Entries provided.
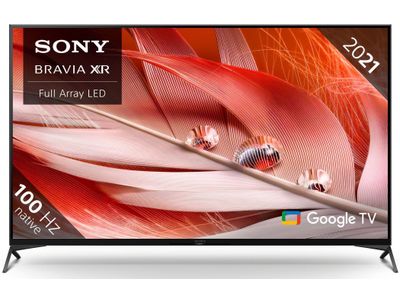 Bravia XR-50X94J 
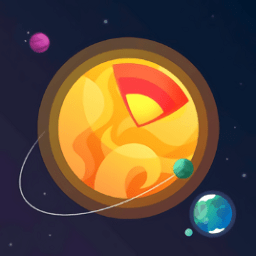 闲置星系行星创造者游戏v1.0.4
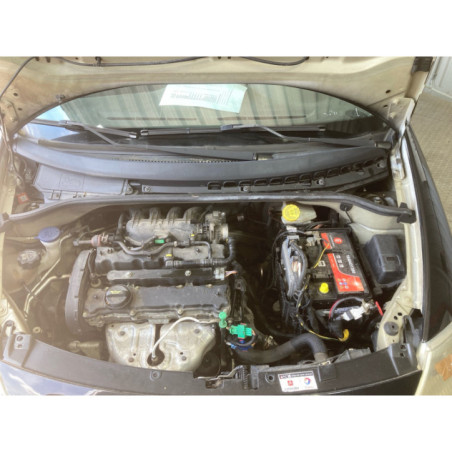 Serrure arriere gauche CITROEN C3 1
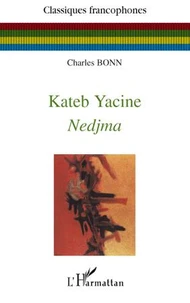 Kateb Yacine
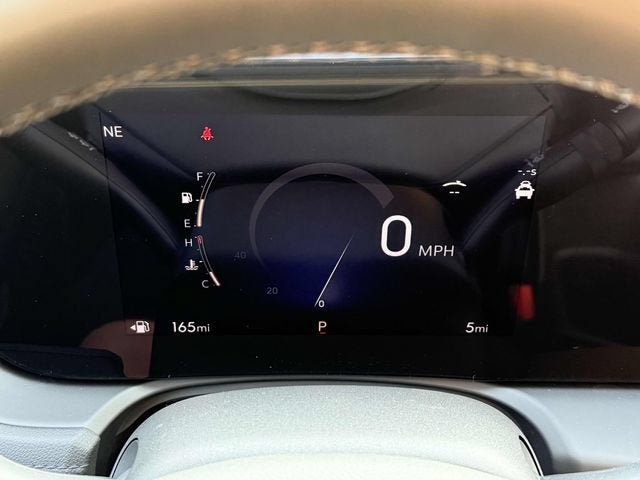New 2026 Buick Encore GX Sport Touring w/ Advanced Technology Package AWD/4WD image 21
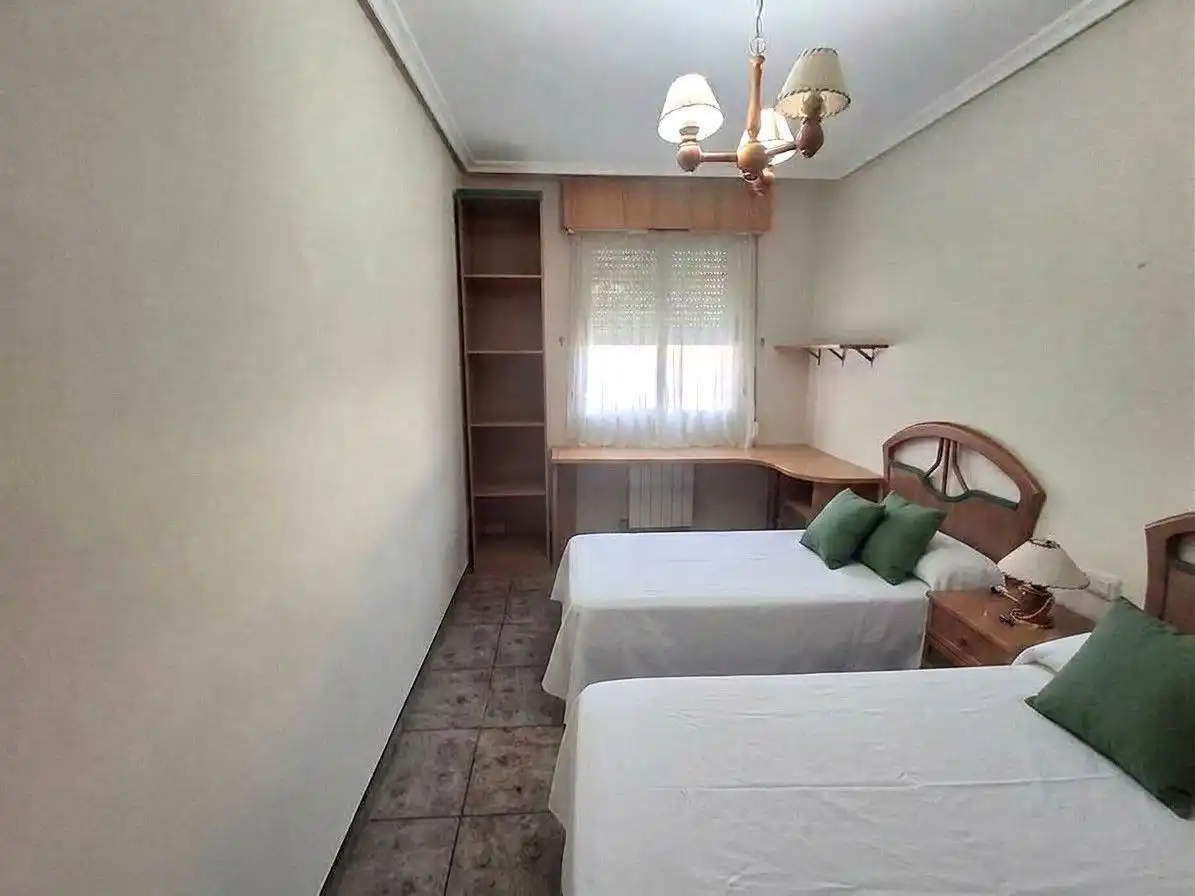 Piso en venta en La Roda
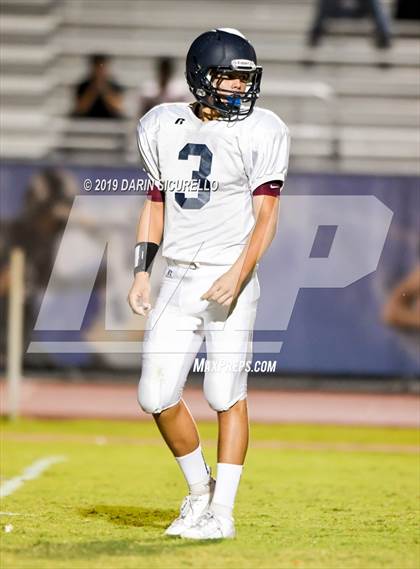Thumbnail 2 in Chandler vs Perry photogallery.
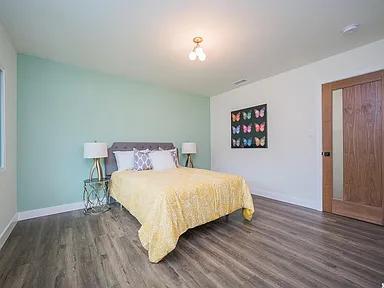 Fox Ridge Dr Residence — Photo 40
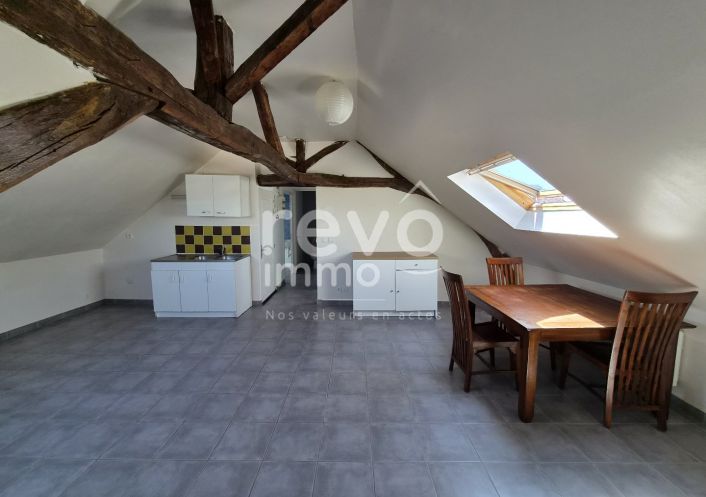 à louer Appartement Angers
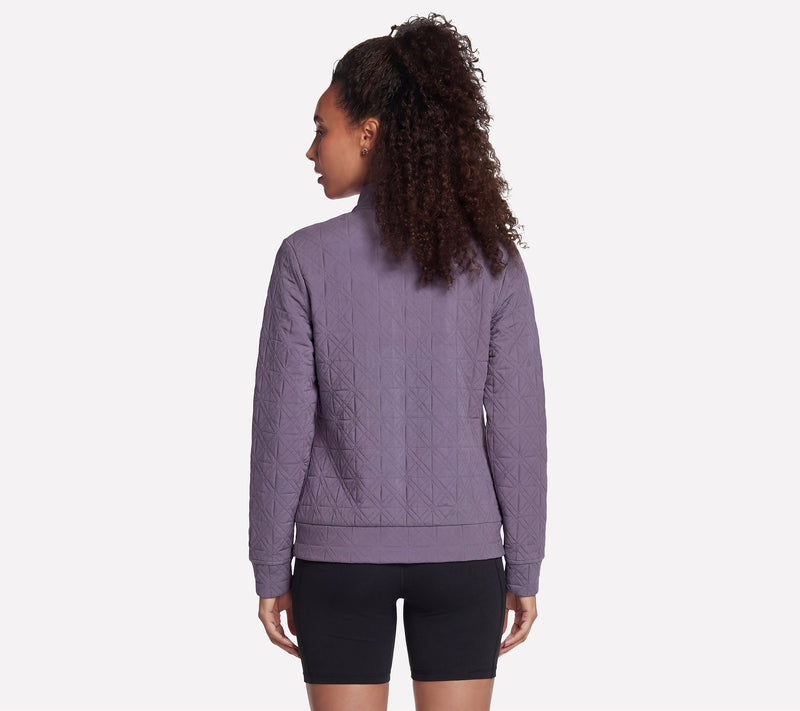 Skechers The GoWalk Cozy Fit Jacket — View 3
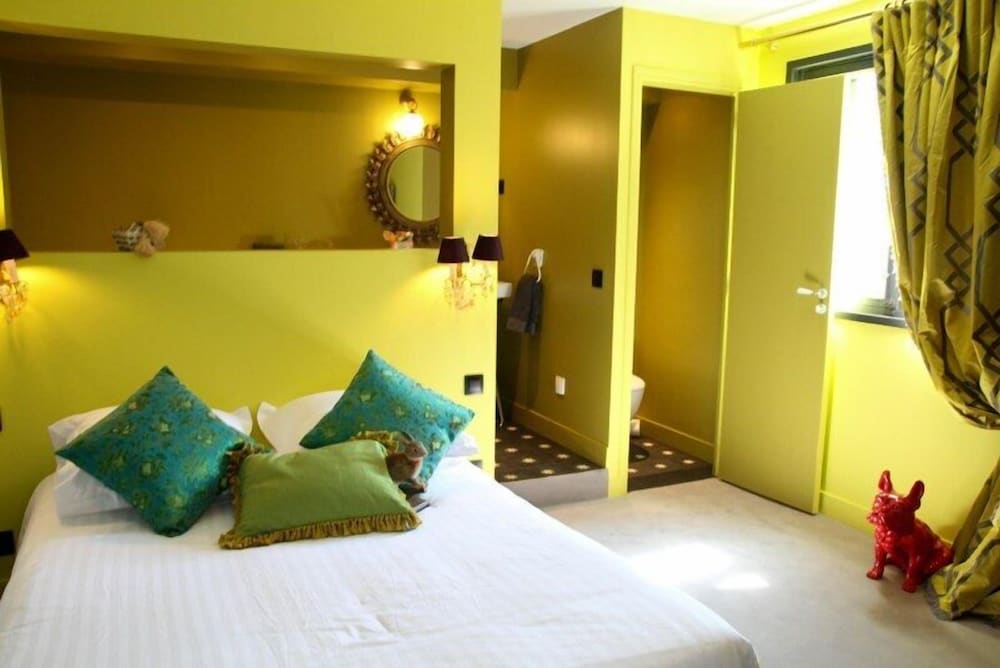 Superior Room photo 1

Task to complete.
What you set down should be exactly the lines from the line containing "闲置星系行星创造者游戏v1.0.4" to the last line of the entries above, both included, with no pictures.

Answer for the task.
 闲置星系行星创造者游戏v1.0.4
 Serrure arriere gauche CITROEN C3 1
 Kateb Yacine
New 2026 Buick Encore GX Sport Touring w/ Advanced Technology Package AWD/4WD image 21
 Piso en venta en La Roda
Thumbnail 2 in Chandler vs Perry photogallery.
 Fox Ridge Dr Residence — Photo 40
 à louer Appartement Angers
 Skechers The GoWalk Cozy Fit Jacket — View 3
 Superior Room photo 1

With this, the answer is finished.